> _Exercise requirements_
An exact copy of every record is needed, with all pictures omitted.

> _Dataset extract_
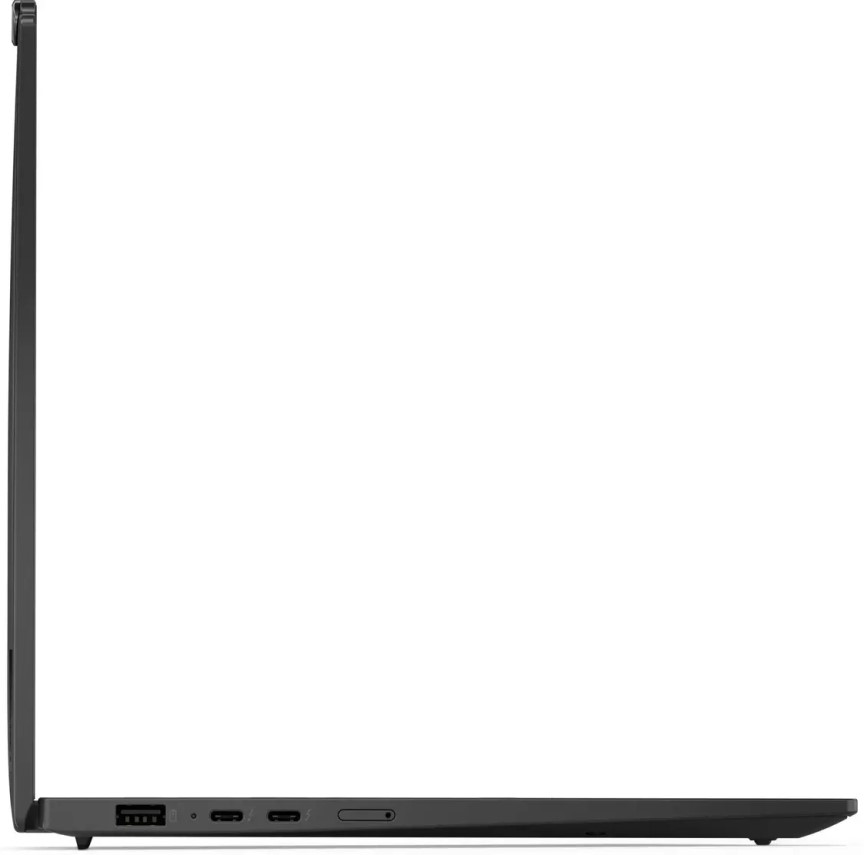 

Ноутбук Lenovo ThinkPad X1 Carbon G12 21KDSHNG00 U7 155U/32GB/1TB SSD/Intel Graphics/14" OLED 2.8K/WiFi/BT/cam/Win11Pro/black, ThinkPad X1 Carbon G12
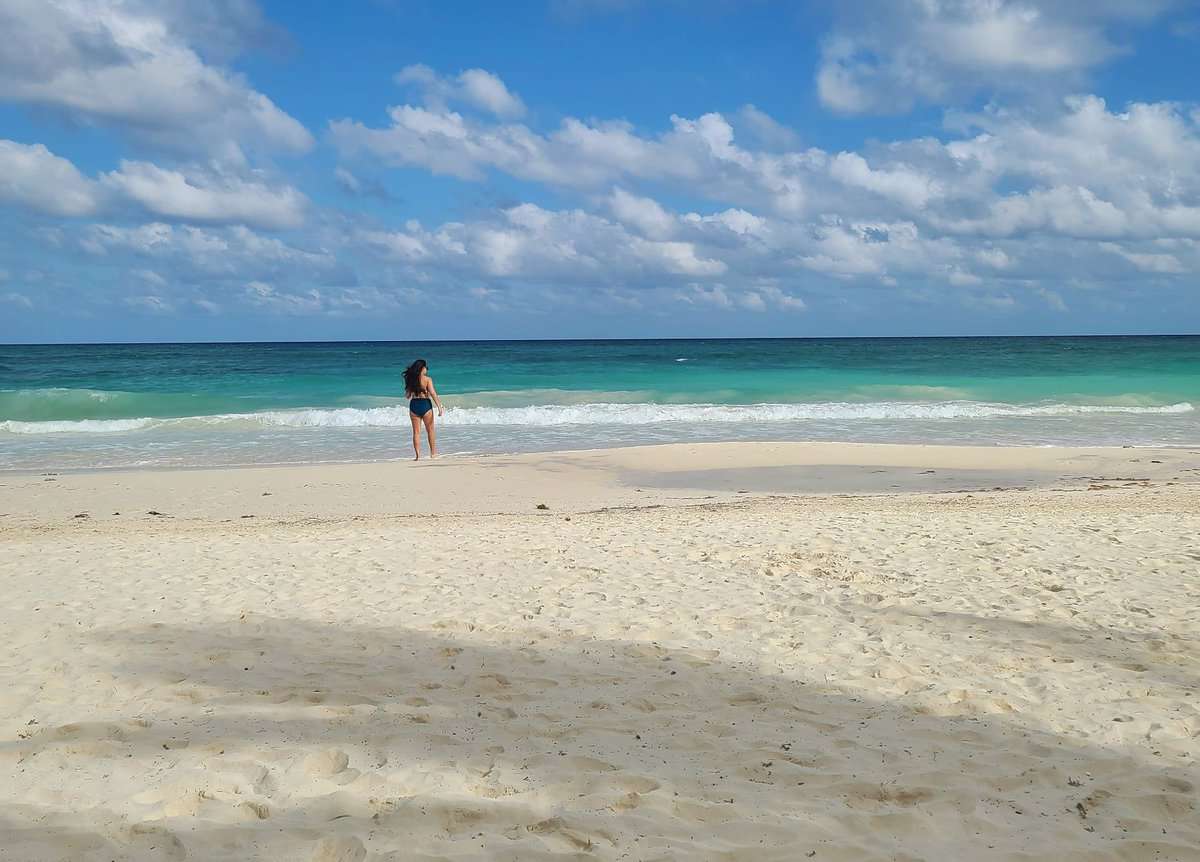 Isla Mujeres Vs. Tulum: Comparing Weather, Hotels, Food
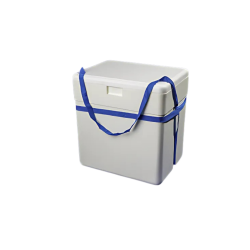 Caixa Térmica de Isopor Kiisotherm 28L Caixa Térmica de Isopor Kiisotherm 28L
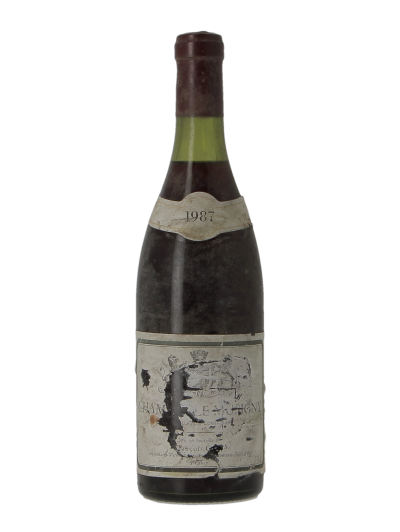 CHAMBOLLE-MUSIGNY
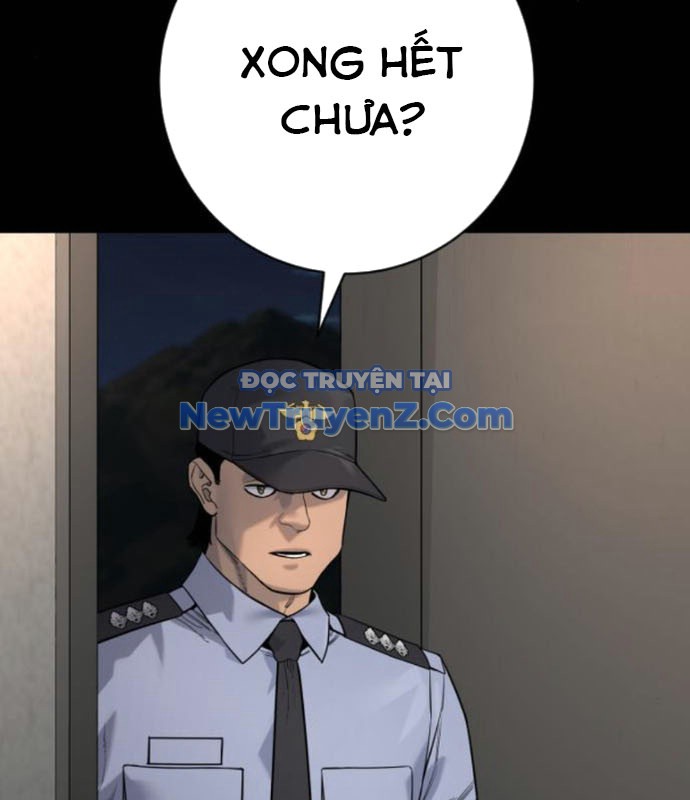 Cảnh Sát Báo Thù chapter 98 - Trang 9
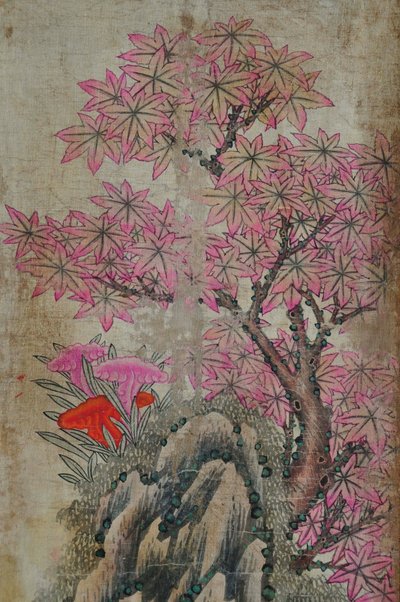 Hwajodo de Unknown artist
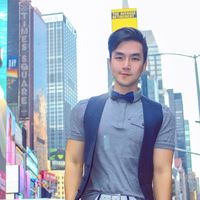 Hanson Tran的照片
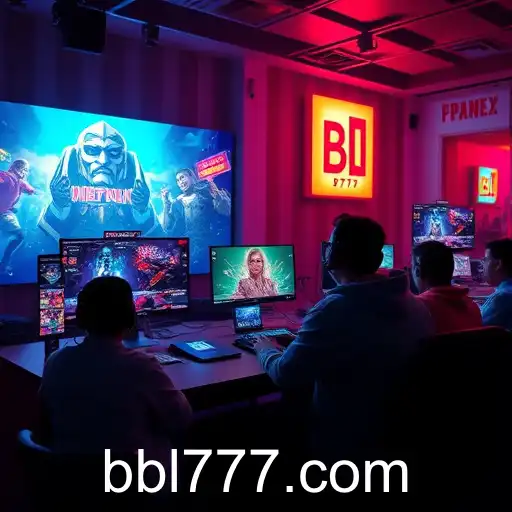 Emerging Trends in Gaming with BL 777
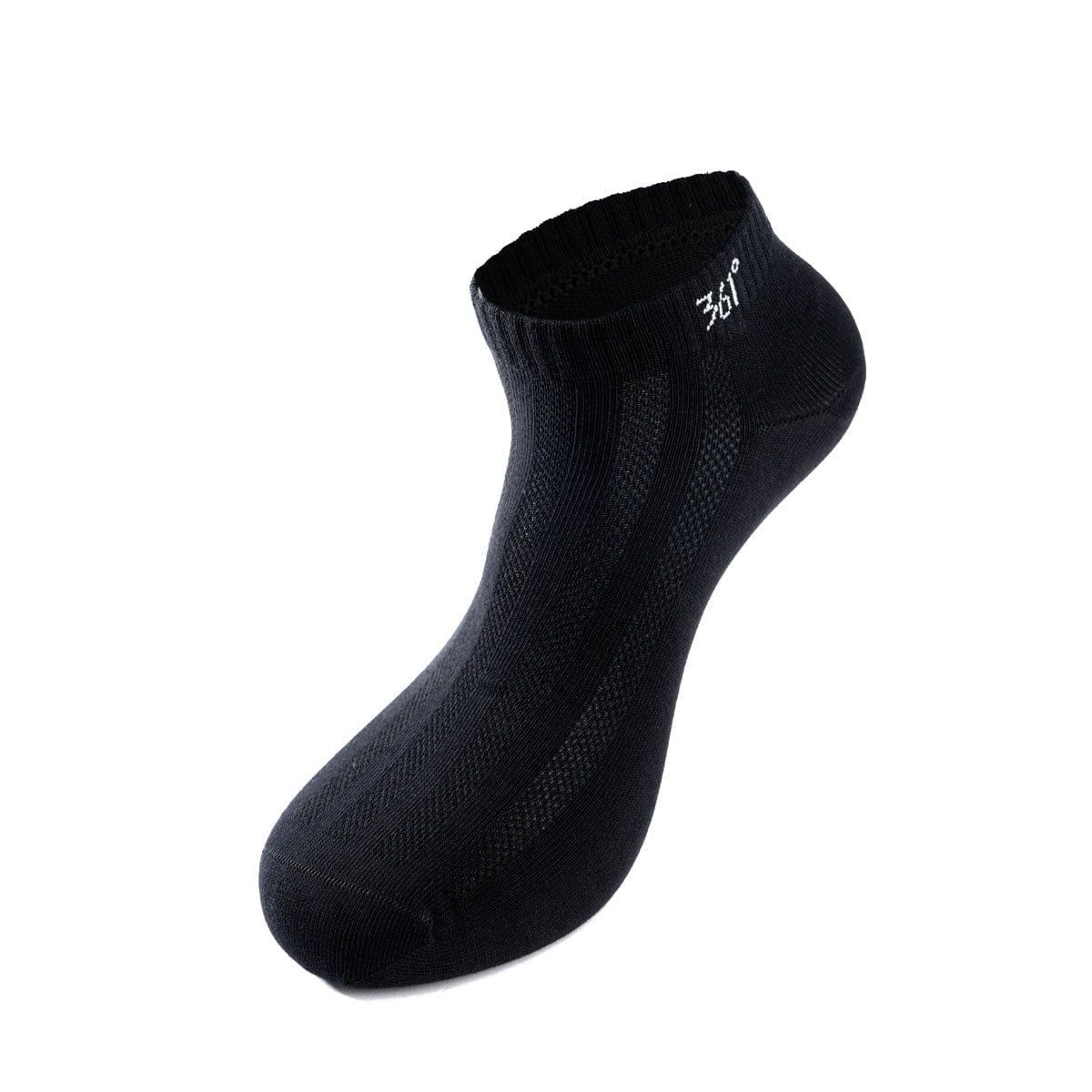  Tất Unisex 361 W512623032-1D 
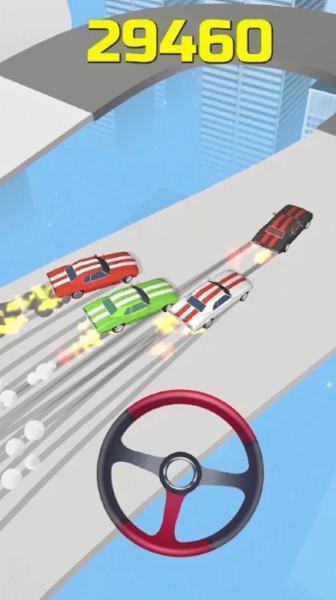 超车公路赛下载-超车公路赛游戏下载-超车公路赛手机版下载 运行截图2
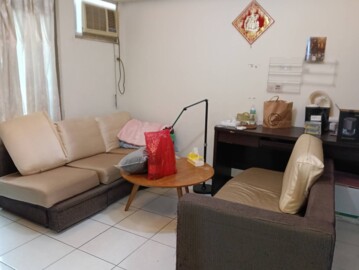 白馬豪景待售房屋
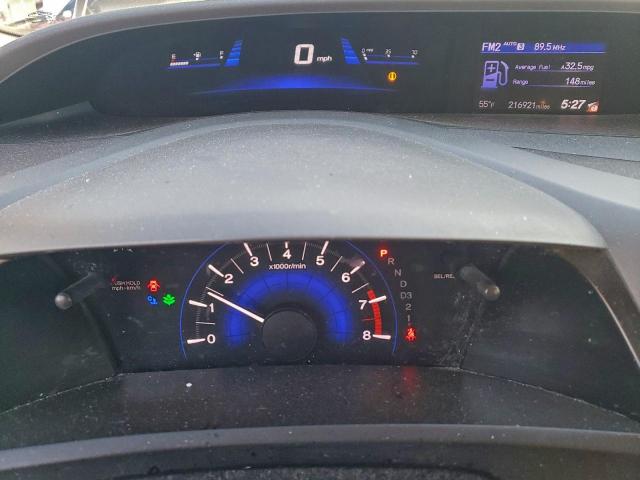 Honda Civic Exl Image 6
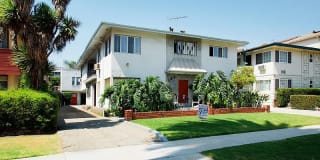 141 North Hamilton Drive Gallery 2
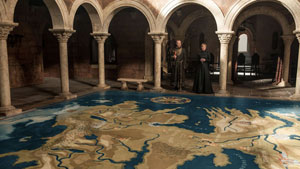 A Guerra dos Tronos Temporada 7 Episódio 4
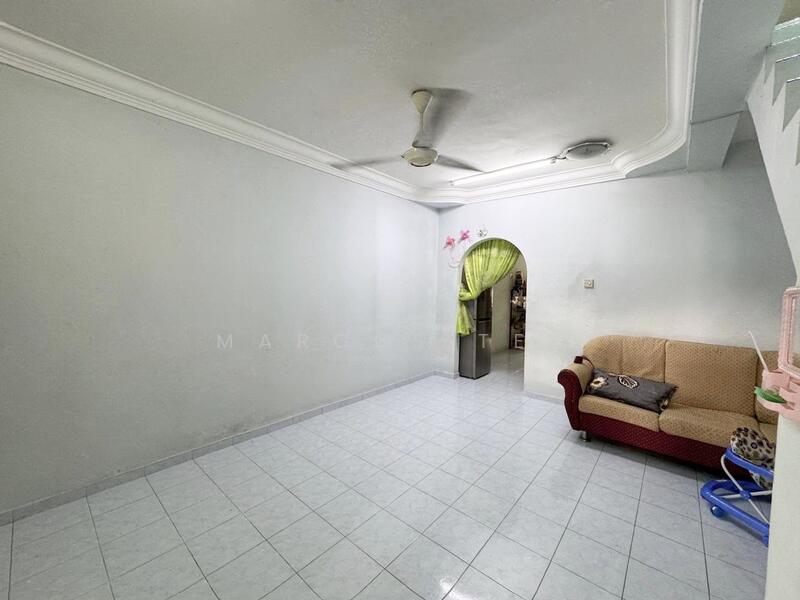 Untuk Dijual - Pasir Gudang Pasirs Gudangs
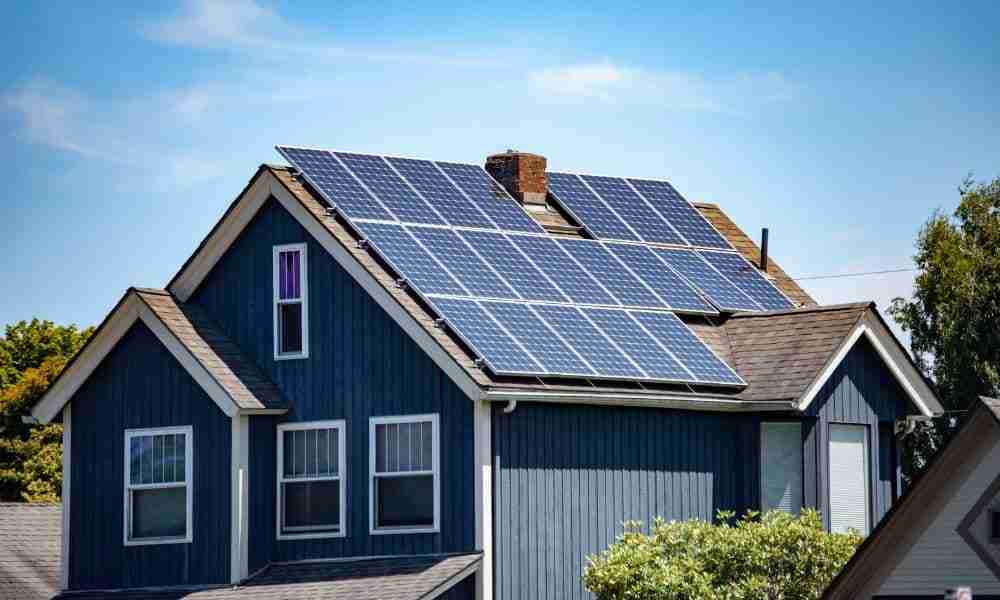 solar panel
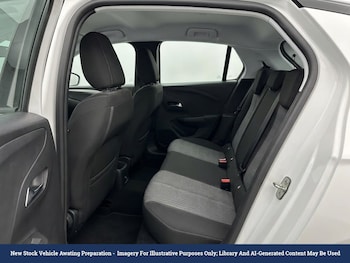 Used Vauxhall Corsa 2022 for sale - 79215659: Photo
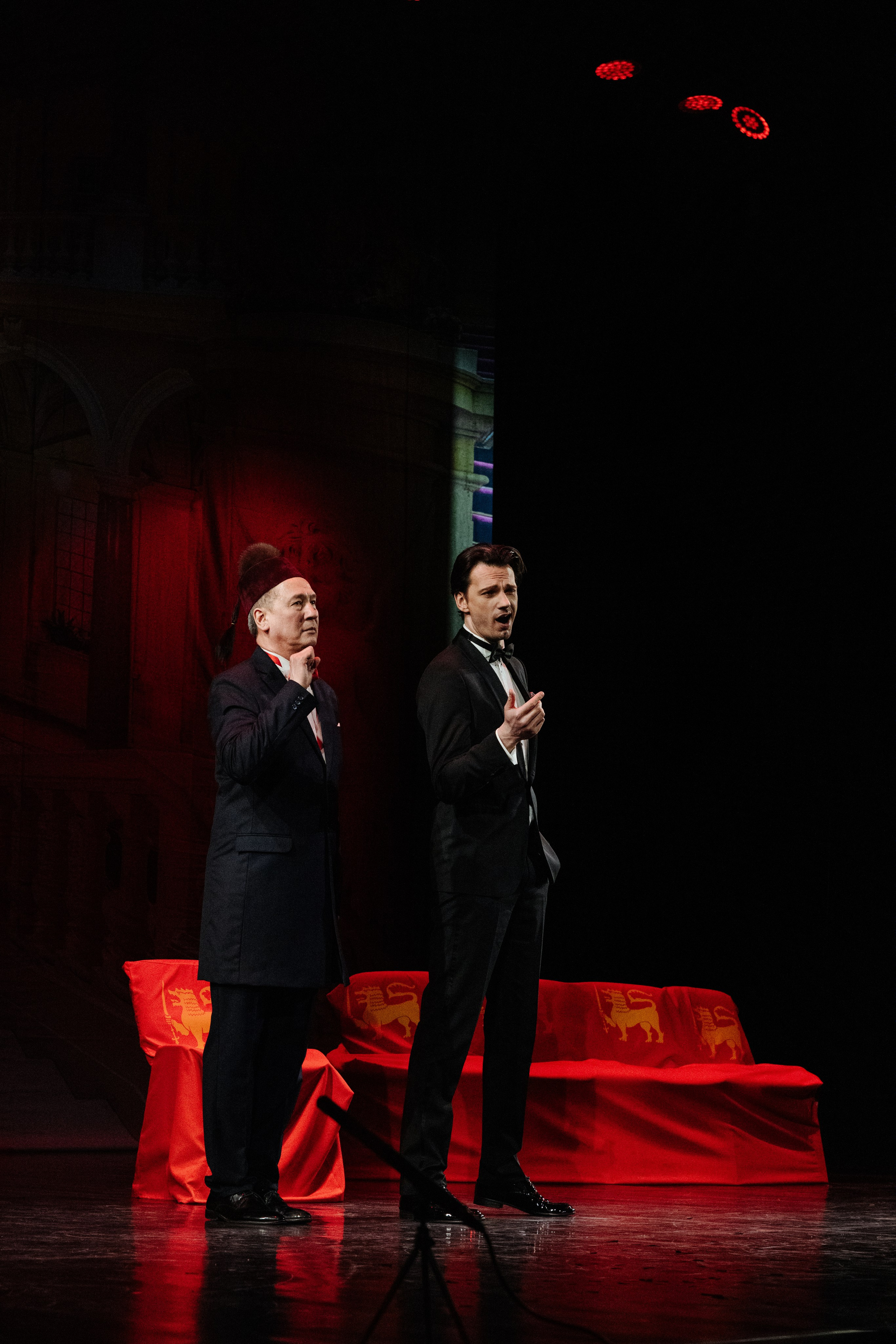 Визит Миллионерши. Фотограф Петрова Мария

> _Solution for this exercise_
Ноутбук Lenovo ThinkPad X1 Carbon G12 21KDSHNG00 U7 155U/32GB/1TB SSD/Intel Graphics/14" OLED 2.8K/WiFi/BT/cam/Win11Pro/black, ThinkPad X1 Carbon G12
 Isla Mujeres Vs. Tulum: Comparing Weather, Hotels, Food
 Caixa Térmica de Isopor Kiisotherm 28L Caixa Térmica de Isopor Kiisotherm 28L
 CHAMBOLLE-MUSIGNY
 Cảnh Sát Báo Thù chapter 98 - Trang 9
 Hwajodo de Unknown artist
 Hanson Tran的照片
 Emerging Trends in Gaming with BL 777
  Tất Unisex 361 W512623032-1D 
 超车公路赛下载-超车公路赛游戏下载-超车公路赛手机版下载 运行截图2
 白馬豪景待售房屋
 Honda Civic Exl Image 6
 141 North Hamilton Drive Gallery 2
 A Guerra dos Tronos Temporada 7 Episódio 4
 Untuk Dijual - Pasir Gudang Pasirs Gudangs
 solar panel
 Used Vauxhall Corsa 2022 for sale - 79215659: Photo
 Визит Миллионерши. Фотограф Петрова Мария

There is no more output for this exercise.